First what is a linked list made up of? Nodes. Before trying to implement the whole “kit and caboodle” as it were, let's just think about nodes. In fact don't even think of nodes: think of a single node. You can look at the the implementation of LinkedListNode in the lesson to follow along.

What if we have a single node containing the string "foo" as its value, and containing a next node of null? This is more or less the simplest node we can make. Can it still be considered a linked list? Yes, it can! What is its length? It's length is 1. How did you know that? Because the next node is null. You already knew that, right? So write a method for it.

LinkedList class for initial implementation of static methods.
public class LinkedList {

  /**
   * Determines the length of one or more nodes for a linked list.
   * @param node The first node in the chain.
   * @return The number of nodes strung together.
   */
  static int getLength(@Nonnull final LinkedListNode node) {
    if(node.getNext() == null)) {
      return 1;
    } else {
      throw new UnsupportedOperationException("I don't know how to implement length > 1 yet.");
    }
  }

}

So if LinkedListNode.getNext() == null then there is only one node.
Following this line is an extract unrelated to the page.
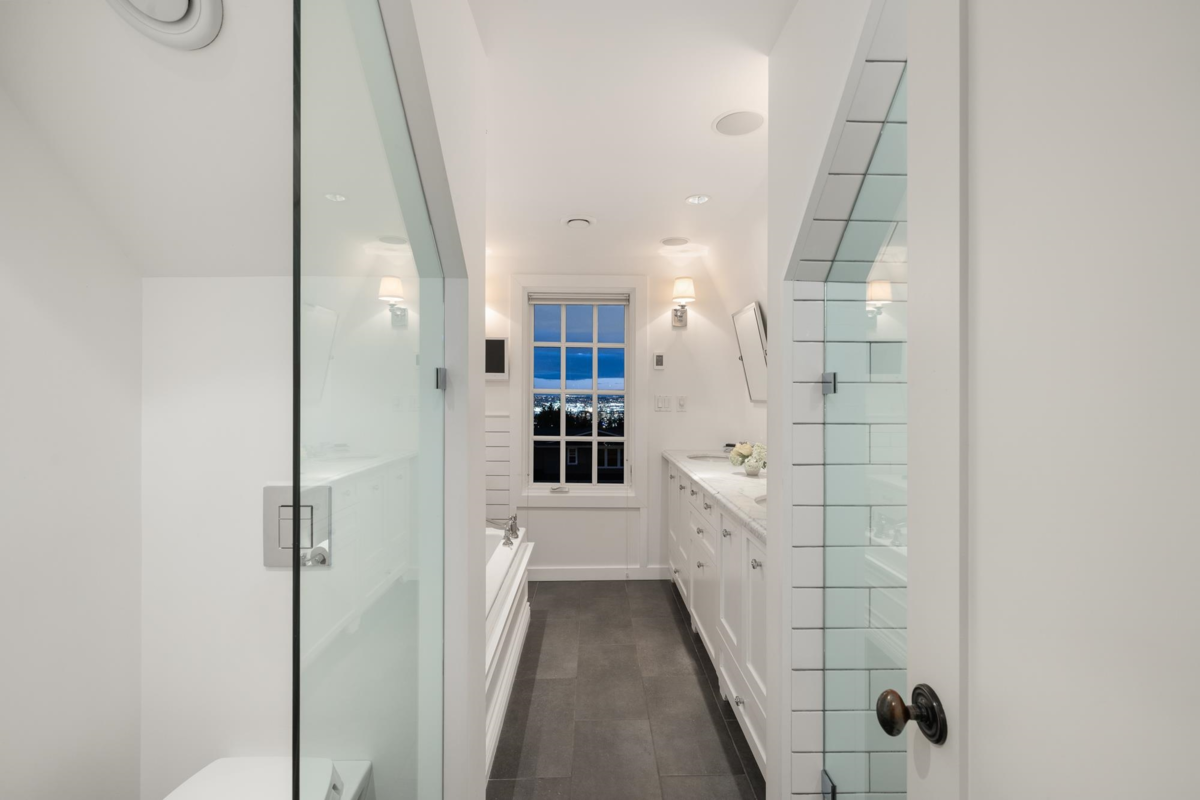 Backyard Photo of 402 Brand Street, North Vancouver, BC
That's not hard to do at all! Now you need to test it. Create a unit test LinkedListTest in the same package.

LinkedListTest class for testing the static methods in the LinkedList class.
public class LinkedListTest {

  @Test
  public void testSingleNodeGetLength() {
    final LinkedListNode node = new LinkedListNode("foo");
    assertThat(LinkedList.getLength(node), is(1));
  }

}

At this point you should be on very firm footing. You know that if a node has a next node of null, there are no other nodes so the length is 1. You've written a test for it, and it passed. You might even think that writing a test for such a simple case is ridiculous—but that would be wrong. In fact you could go ahead and write a test for lists longer than 1. There is an entire movement that advocates writing tests before you do the implementation, just so you'll know what you're trying to do! Let's try it for a linked list of two nodes.

Test for length of two LinkedListNodes.
public class LinkedListTest {

  @Test
  public void testSingleNodeGetLength() {
    final LinkedListNode node = new LinkedListNode("foo");
    assertThat(LinkedList.getLength(node), is(1));
  }

  @Test
  public void testTwoNodesGetLength() {
    final LinkedListNode node1 = new LinkedListNode("foo");
    final LinkedListNode node2 = new LinkedListNode("bar");
    node1.setNext(node2);
    assertThat(LinkedList.getLength(node1), is(2));
  }

}

Run the test; it will fail. That's good—you now know what you're trying to implement.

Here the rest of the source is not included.